> **EXERCISE**: Your output should be the lines below from the one holding "中古LV路易威登手提包レディース" through the one holding "第243话（&ldquo;白女巫&rdquo;贝法娜）-第244话", transcribed exactly, with no pictures.

> **DATASET ENTRIES**:
-------

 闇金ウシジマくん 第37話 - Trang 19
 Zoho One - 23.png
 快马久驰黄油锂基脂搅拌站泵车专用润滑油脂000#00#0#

-------

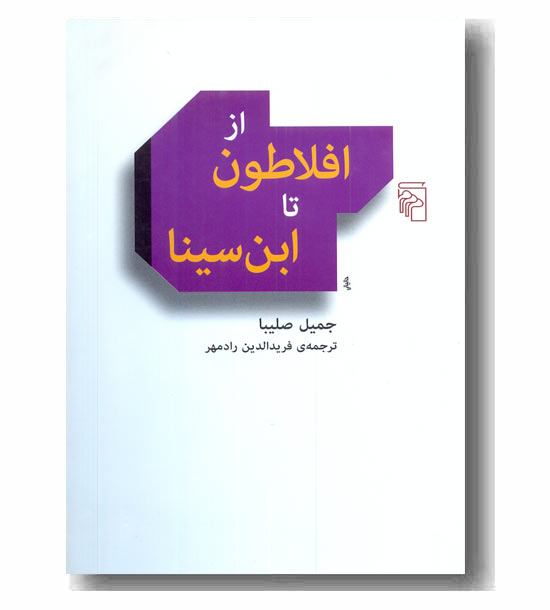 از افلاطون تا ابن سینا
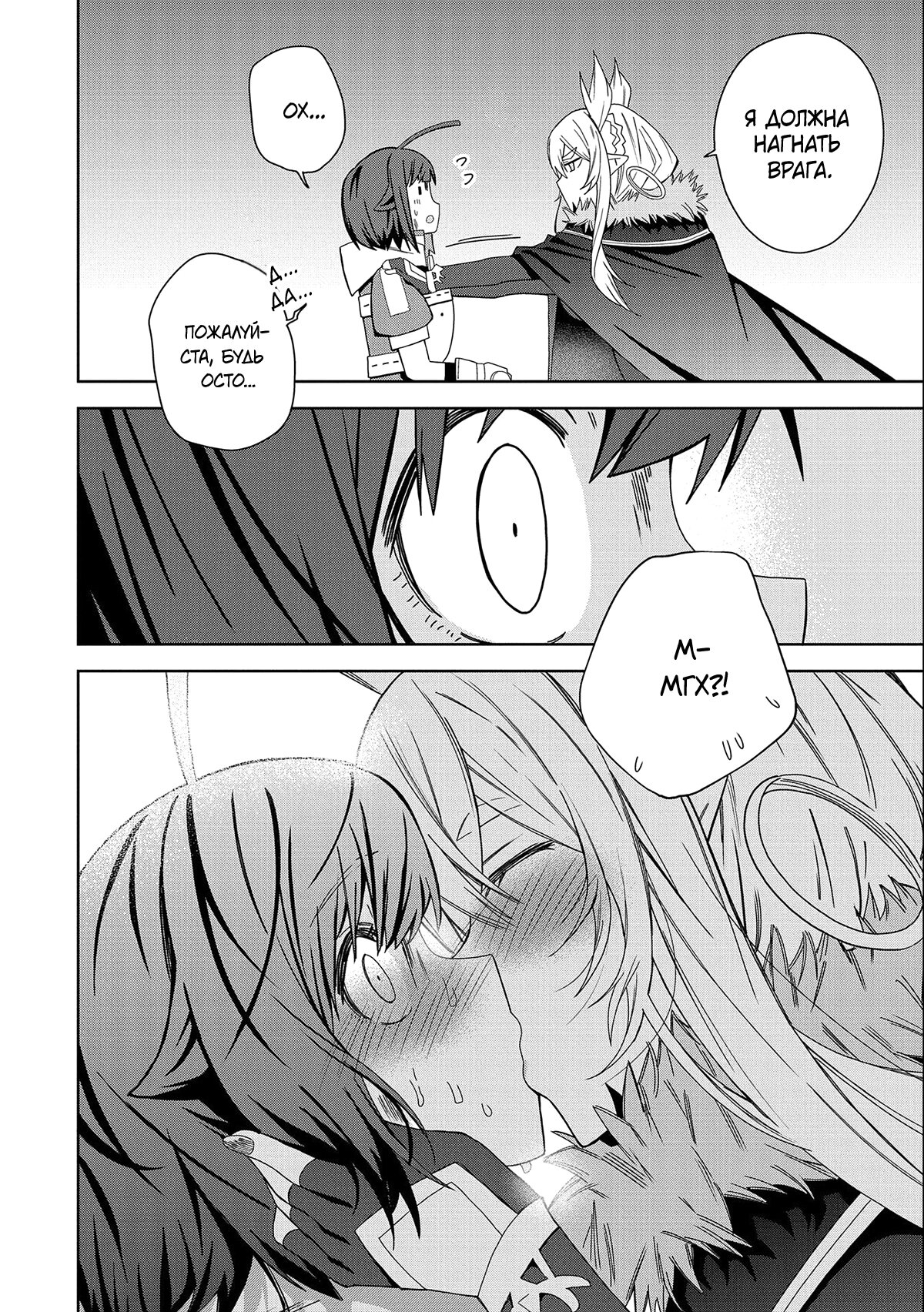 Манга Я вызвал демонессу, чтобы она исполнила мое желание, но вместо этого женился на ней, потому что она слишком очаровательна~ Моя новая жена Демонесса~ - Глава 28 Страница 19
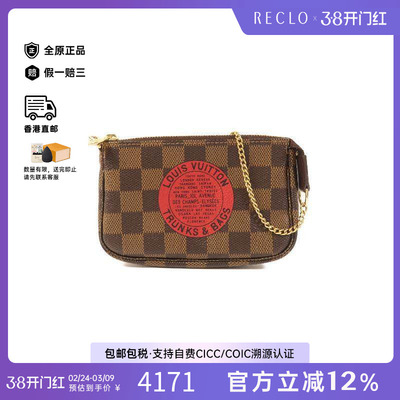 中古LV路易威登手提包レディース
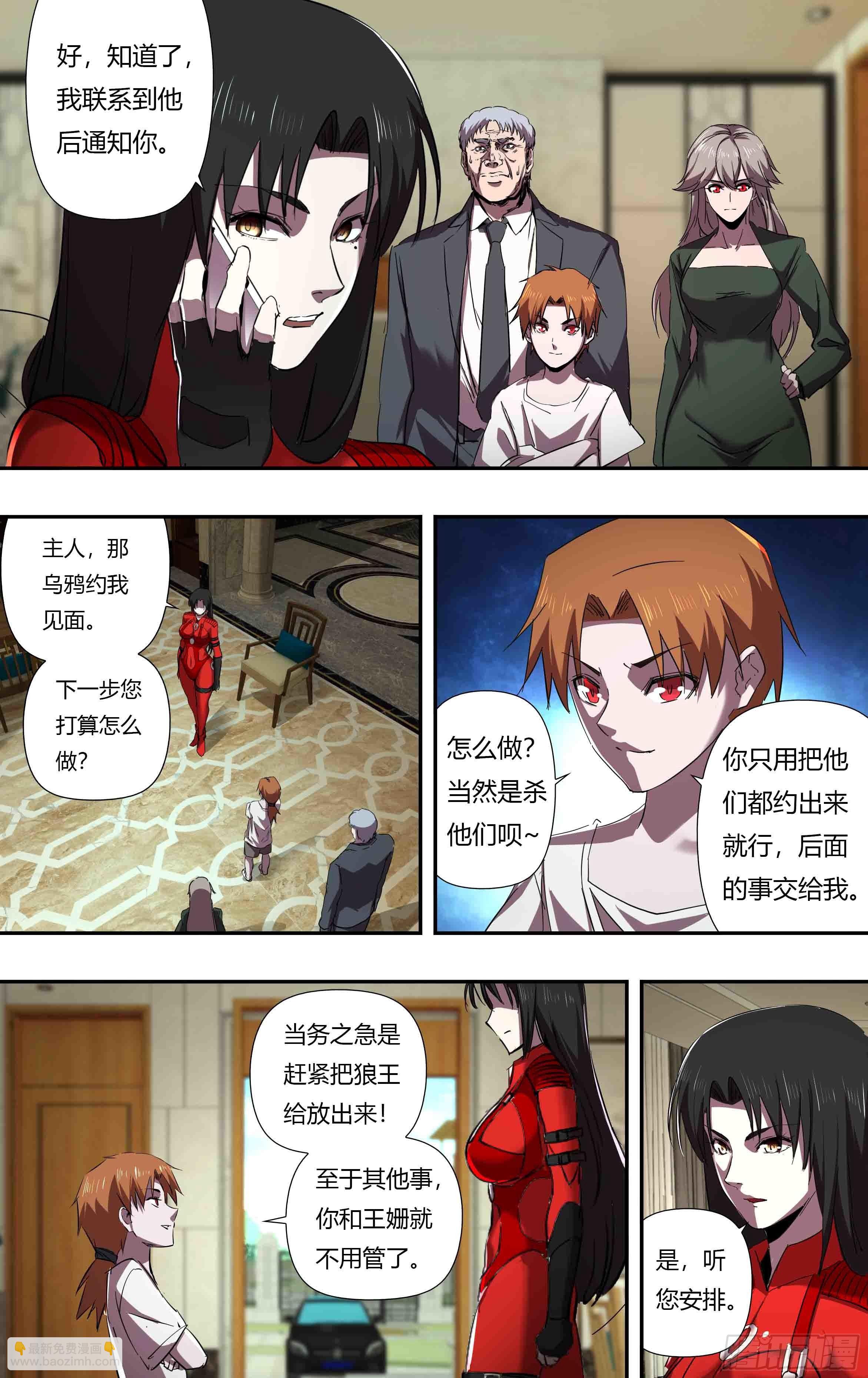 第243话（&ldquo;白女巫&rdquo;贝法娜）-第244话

-------

> **SOLUTION FOR THIS PROBLEM**:
 中古LV路易威登手提包レディース
 第243话（&ldquo;白女巫&rdquo;贝法娜）-第244话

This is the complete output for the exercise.